The chickens help to keep us grounded. Taking a walk out to the coop is a wonderful way to notice the little things. One the way to the coop this morning, I swear I could smell spring in the air. That little bit of “electricity” with each breath I took. The song birds have also changed their tunes. They are those that are familiar to me with the arrival of spring. Perhaps they are mating or courting songs, I can’t help but smile at their jolliness!
As I arrive at the coop, everyone is talking to me. “Good morning!” “Let us out!” “What’s taking you so long?” There they are prancing about back and forth waddling and jockeying themselves into the best position at the pop door. As I lean down to open the wee door, one of them squeezes past Sometimes two at a time go through that tiny little opening no more than 12 inches wide. Like popcorn popping, through the door they go, out and about to greet the day and the world with a lust for life.
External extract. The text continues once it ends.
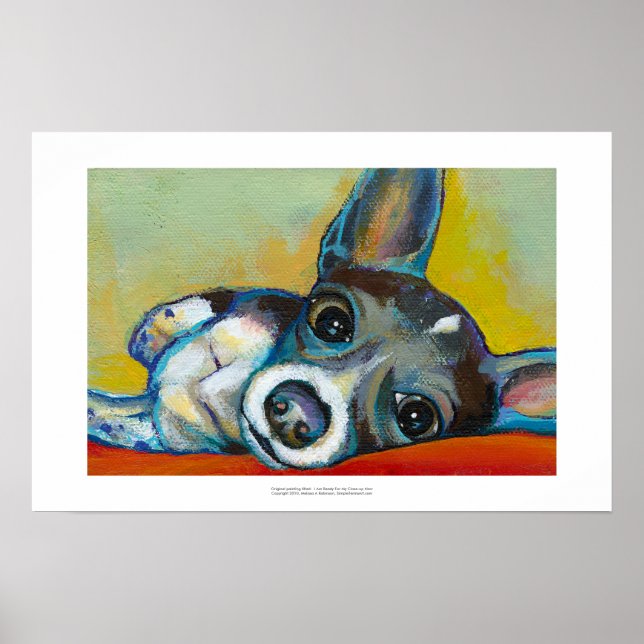 Arte de perros chihuahua - adorable retrato divert (Frente)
Their days are simple. Their needs are low. Their demands are non-existent. They sometimes agree to disagree. Sometimes they avoid one another and other times they take a dust bath together. They fight but always make up before bed. They have their differences. They have their own thoughts sometimes. Yet they are different.
They can agree to disagree. They do not intentionally tease or try to provoke others. They realize that they need one another for the good of the flock.Their needs are simple and easily met. They are happy with having “enough”. Sometimes,they don’t find it necessary to cross to the other side of the road. They know when to keep to themselves. They respect one another and their places in the pecking order.
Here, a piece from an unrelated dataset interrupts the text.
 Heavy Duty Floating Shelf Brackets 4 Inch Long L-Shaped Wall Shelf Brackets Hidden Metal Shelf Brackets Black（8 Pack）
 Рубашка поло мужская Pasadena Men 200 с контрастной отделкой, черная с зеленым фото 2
Sometimes it does seem possible that chickens are smarter than people. I’ve had lots of people write in to tell me that they’d rather spend time with their flocks than people. You know, sometimes, I have to agree. Sometimes, it’s good to feel like you belong to the flock. No one is there to judge. Unless of course, you come out with a handful of meal worms or scratch. Then somehow you automatically reach super chicken stardom status.